▶ REQUIREMENT
Reproduce exactly, leaving out pictures, each line from the one holding "A panoramic view" through the final line of the listing, and add nothing.

▶ EXTRACTED INFORMATION
:::
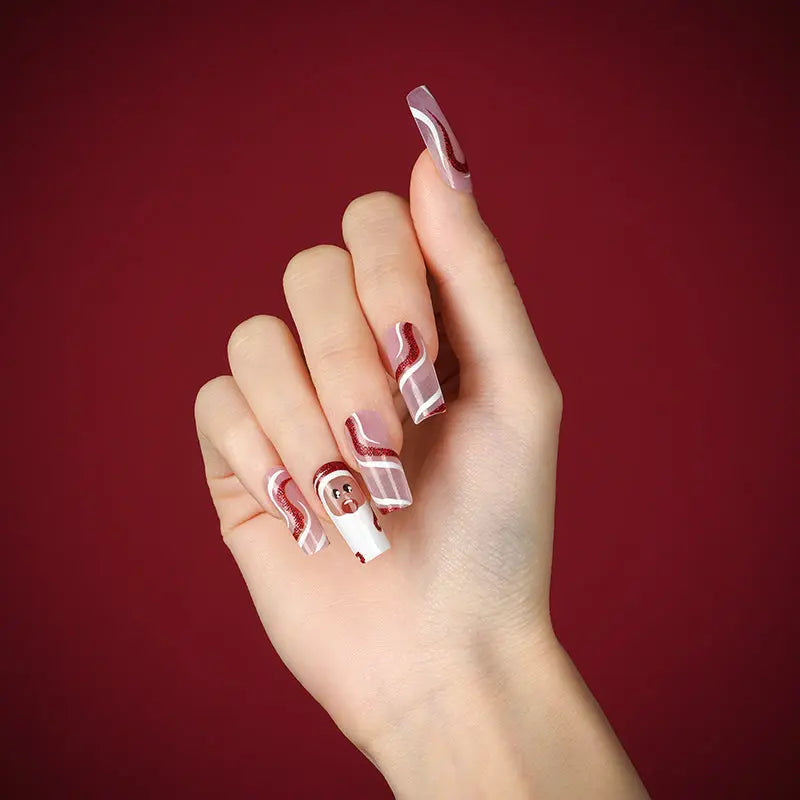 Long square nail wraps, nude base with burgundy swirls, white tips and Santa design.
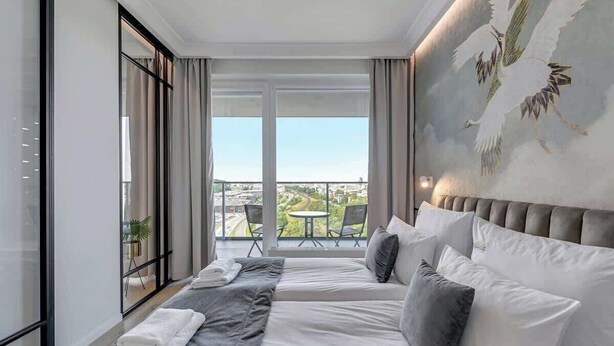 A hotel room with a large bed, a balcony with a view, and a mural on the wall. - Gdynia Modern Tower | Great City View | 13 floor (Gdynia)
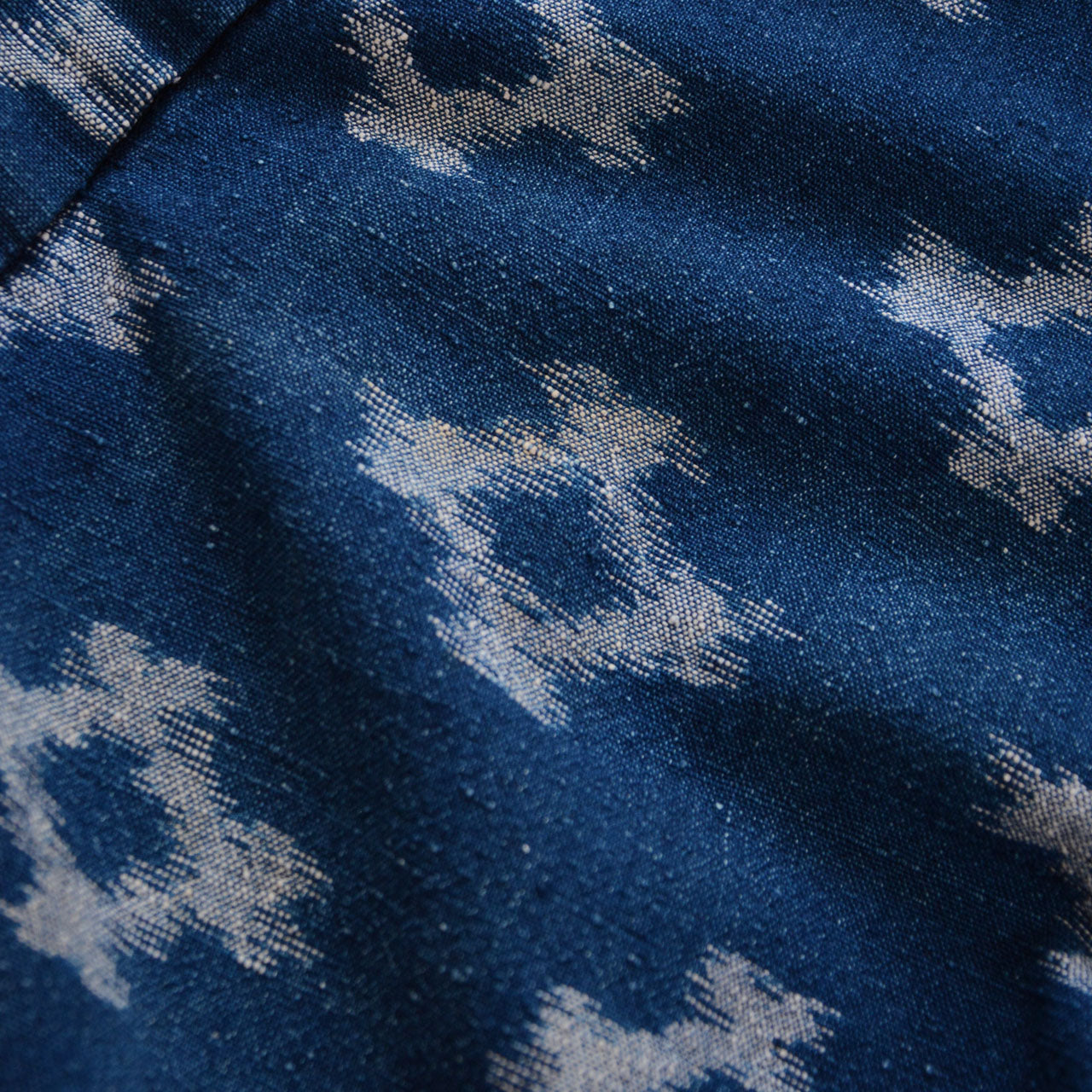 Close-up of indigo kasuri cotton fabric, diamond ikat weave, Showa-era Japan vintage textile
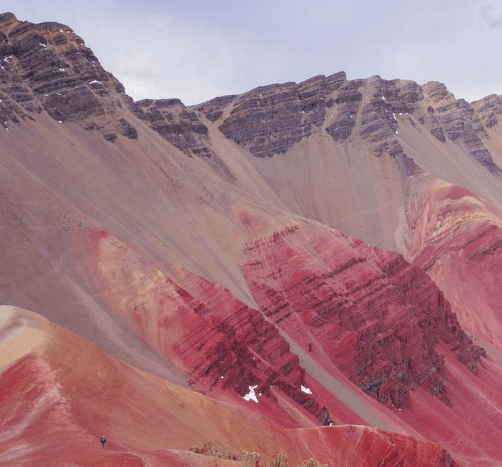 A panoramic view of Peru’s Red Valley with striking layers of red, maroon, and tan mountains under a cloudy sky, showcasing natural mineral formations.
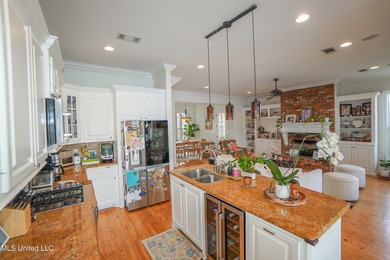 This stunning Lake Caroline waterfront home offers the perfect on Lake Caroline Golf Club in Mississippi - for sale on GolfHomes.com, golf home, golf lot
:::
▶ PROBLEM SOLUTION
 A panoramic view of Peru’s Red Valley with striking layers of red, maroon, and tan mountains under a cloudy sky, showcasing natural mineral formations.
 This stunning Lake Caroline waterfront home offers the perfect on Lake Caroline Golf Club in Mississippi - for sale on GolfHomes.com, golf home, golf lot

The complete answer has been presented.